Op-ed: The Genderqueer Heroes at Equinox Get It

Posted By on February 17, 2015

The gym scene in South Beach may not be as gay as it once was, but it's still cool.

For those who've never heard of it, Equinox is a high-end "luxury" gym that prides itself on being a cutting edge, overtly friendly, one-stop shop for those wanting to knock their bods back into shape.

Alas, it's also pretty much the only gym left in sunny, gay South Beach. There's Crunch, but less said about that the better.

It wasn't always like this. For one thing, gay South Beach used to be, well, actually gay. When I bought my first closet-size condo (to avoid some of the worst of New York's winters), there were five body-building gyms within walking distance. David Barton, Iron Works, etc. None offered yoga, or aerobics, or any of those other silly lifestyle classes.

And all were pretty much gay, as was the neighborhood. South Beach had once been a quiet Cuban enclave with lots of Hasidic Jews. Until gay men discovered it in the late '80s and helped set off round after round of gentrification that is still going on, eventually transmuting all the old Orthodox synagogues into new condos along the way.

The gay muscle queens would walk, often hand in hand, to their favorite gyms in the morning to work out, just as the Orthodox men in their fur-lined hats would walk toward their shuls to pray at sunset.

More than a few of them were impossibly beefed up totally ripped to the tits on steroids that helped counter the effects of the new HIV cocktails that were unbelievably, suddenly returning them to life.

But all that is gone. This Equinox is pretty straight as far as I can tell. Even the cute trainers with the tight butts are straight. And yet, like South Beach itself, it's still strangely laid-back and tolerant, in a way that few communities can match. Certainly not Greenwich Village or Dupont Circle, both of which I'd lived in for decades.

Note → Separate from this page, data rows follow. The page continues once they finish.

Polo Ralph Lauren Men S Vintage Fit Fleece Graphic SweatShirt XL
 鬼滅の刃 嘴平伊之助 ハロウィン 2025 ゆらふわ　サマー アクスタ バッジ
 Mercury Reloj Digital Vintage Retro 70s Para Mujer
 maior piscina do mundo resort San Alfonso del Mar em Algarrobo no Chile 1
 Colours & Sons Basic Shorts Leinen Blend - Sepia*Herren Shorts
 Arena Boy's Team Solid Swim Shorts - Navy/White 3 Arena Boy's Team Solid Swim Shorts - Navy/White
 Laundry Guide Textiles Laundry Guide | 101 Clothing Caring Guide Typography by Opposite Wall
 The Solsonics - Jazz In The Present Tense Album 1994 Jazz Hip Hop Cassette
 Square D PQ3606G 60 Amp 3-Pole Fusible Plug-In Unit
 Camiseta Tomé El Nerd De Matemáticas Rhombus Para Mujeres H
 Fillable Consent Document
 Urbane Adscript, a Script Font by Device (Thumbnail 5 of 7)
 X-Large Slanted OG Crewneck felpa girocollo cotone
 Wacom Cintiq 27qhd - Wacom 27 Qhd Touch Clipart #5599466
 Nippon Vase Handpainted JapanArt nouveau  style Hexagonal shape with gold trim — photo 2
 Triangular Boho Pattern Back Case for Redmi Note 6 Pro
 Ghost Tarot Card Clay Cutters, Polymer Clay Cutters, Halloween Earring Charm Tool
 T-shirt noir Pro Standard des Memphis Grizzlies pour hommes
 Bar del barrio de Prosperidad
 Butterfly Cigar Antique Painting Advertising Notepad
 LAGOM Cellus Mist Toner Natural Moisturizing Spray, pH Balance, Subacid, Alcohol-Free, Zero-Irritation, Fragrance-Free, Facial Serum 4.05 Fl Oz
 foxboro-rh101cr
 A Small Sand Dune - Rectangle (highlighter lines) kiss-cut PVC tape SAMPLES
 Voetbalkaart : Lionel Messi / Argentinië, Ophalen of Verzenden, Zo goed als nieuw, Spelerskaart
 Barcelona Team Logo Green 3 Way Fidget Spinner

One of the things Equinox does to maintain its hip, upscale yuppie cred is roll out MTV-style videos at all their gyms they're supposedly edgy but more often plain perplexing with the theme "Equinox made me do it."

For instance, last week I noticed the newest offering on the big video board at the entrance. First, a masked muscle-builder gets spray painted (I said "perplexing"). Then a lovely young woman starts shaving her head. A bearded man cradles a stone baby fountain with water coming out instead of pee. And for the finale, a striking blond long-haired model struts and pouts for the camera before taking off her coat to reveal her ... bare, flat, manly chest.